▶ Aim of the task:
Any image found in the entries is to be skipped; the rest is returned word for word.
Dataset extract START
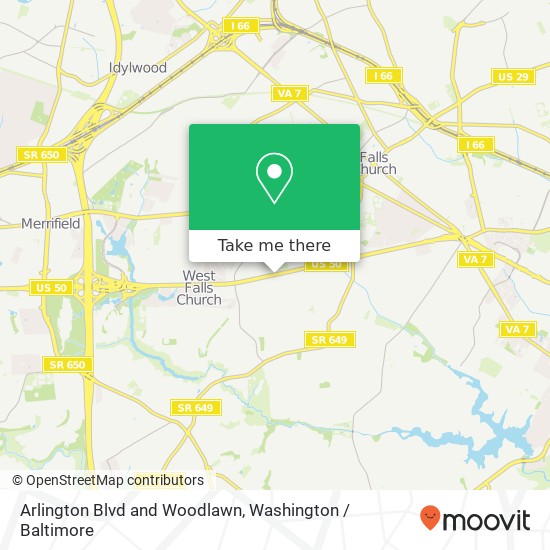 Arlington Blvd and Woodlawn, Falls Church, VA 22042 map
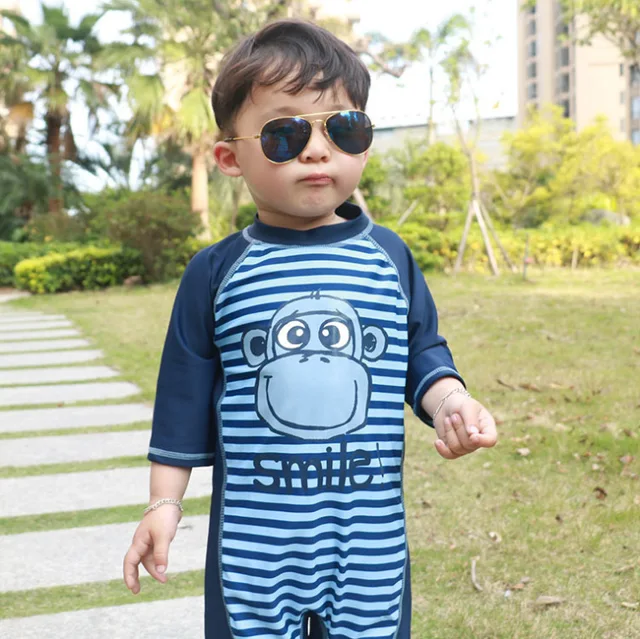 Special Offers Children's Swimsuit Summer Seaside Beach Boys Stripe Bathing Suit Children Cartoon Monkey Swimwear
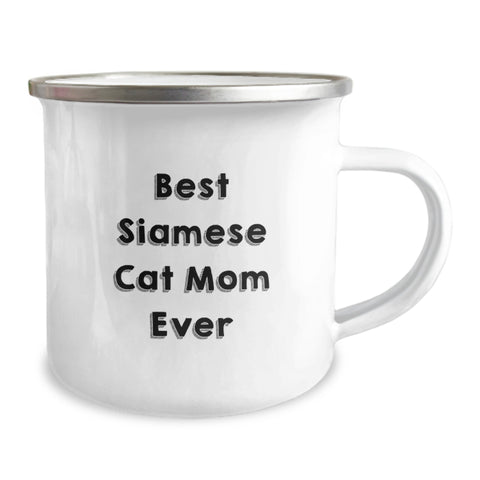 Image of Funny Siamese Cat Mom Gifts from Men to Friends on Valentine's Unique Camping Mug - Image 2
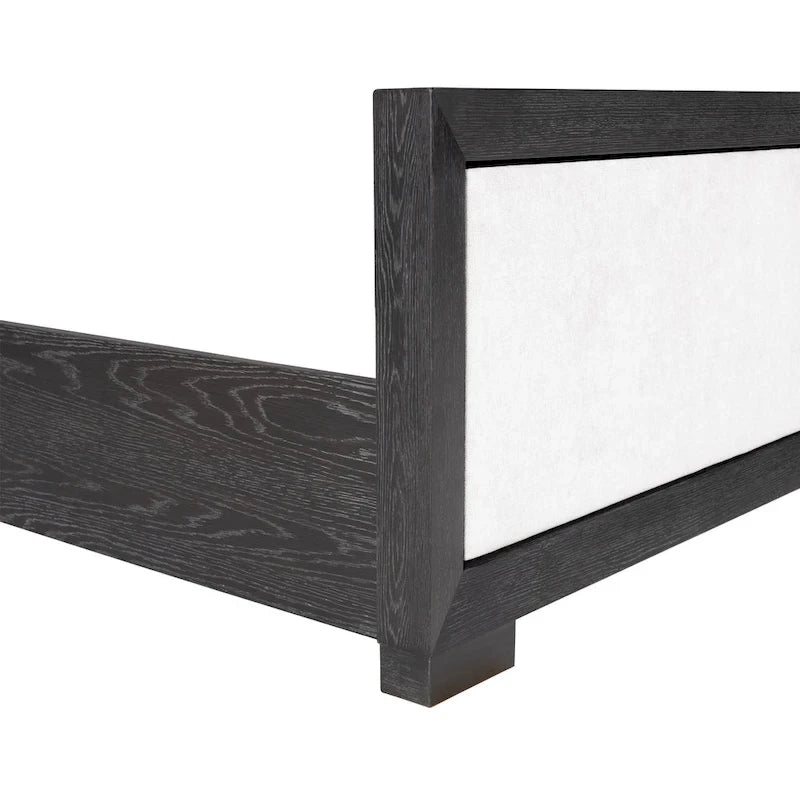 Letto a pannelli in tessuto in legno massello classico moderno | Grigio chiaro | King e Queen | 450 kg
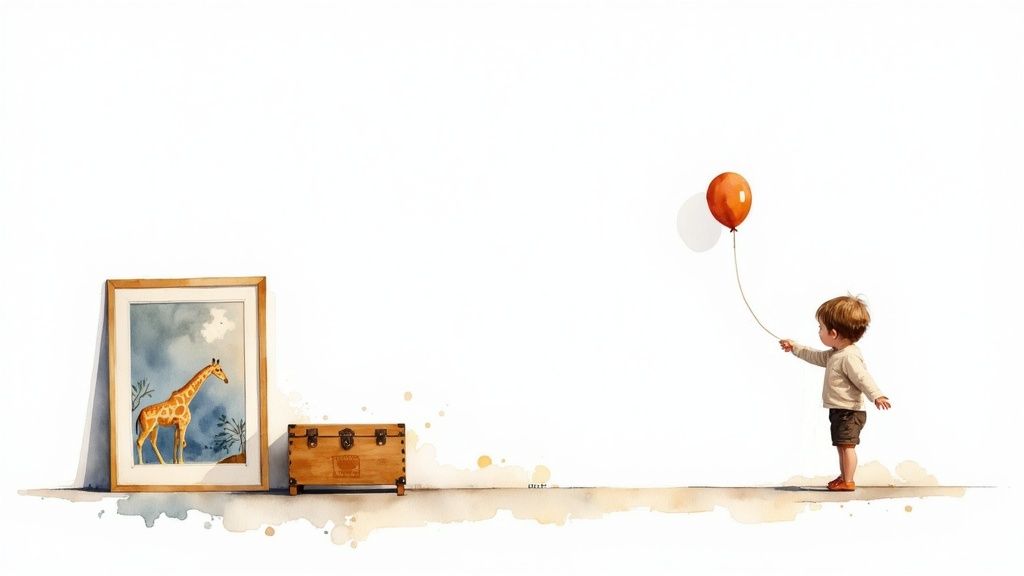 A whimsical watercolor painting of a child holding a red balloon, a giraffe painting, and a small trunk.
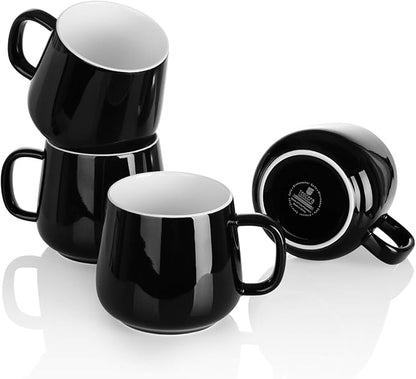 Teocera Ceramic Coffee Mug Set of 4-12 oz Coffee Mugs with Large Handles for Hot or Cold Drinks Like Latte, Cocoa, Tea or Juice - Smooth Ceramic, Dishwasher Safe，Black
Dataset extract END
▶ Final answer:
 Arlington Blvd and Woodlawn, Falls Church, VA 22042 map
 Special Offers Children's Swimsuit Summer Seaside Beach Boys Stripe Bathing Suit Children Cartoon Monkey Swimwear
 Image of Funny Siamese Cat Mom Gifts from Men to Friends on Valentine's Unique Camping Mug - Image 2
 Letto a pannelli in tessuto in legno massello classico moderno | Grigio chiaro | King e Queen | 450 kg
 A whimsical watercolor painting of a child holding a red balloon, a giraffe painting, and a small trunk.
 Teocera Ceramic Coffee Mug Set of 4-12 oz Coffee Mugs with Large Handles for Hot or Cold Drinks Like Latte, Cocoa, Tea or Juice - Smooth Ceramic, Dishwasher Safe，Black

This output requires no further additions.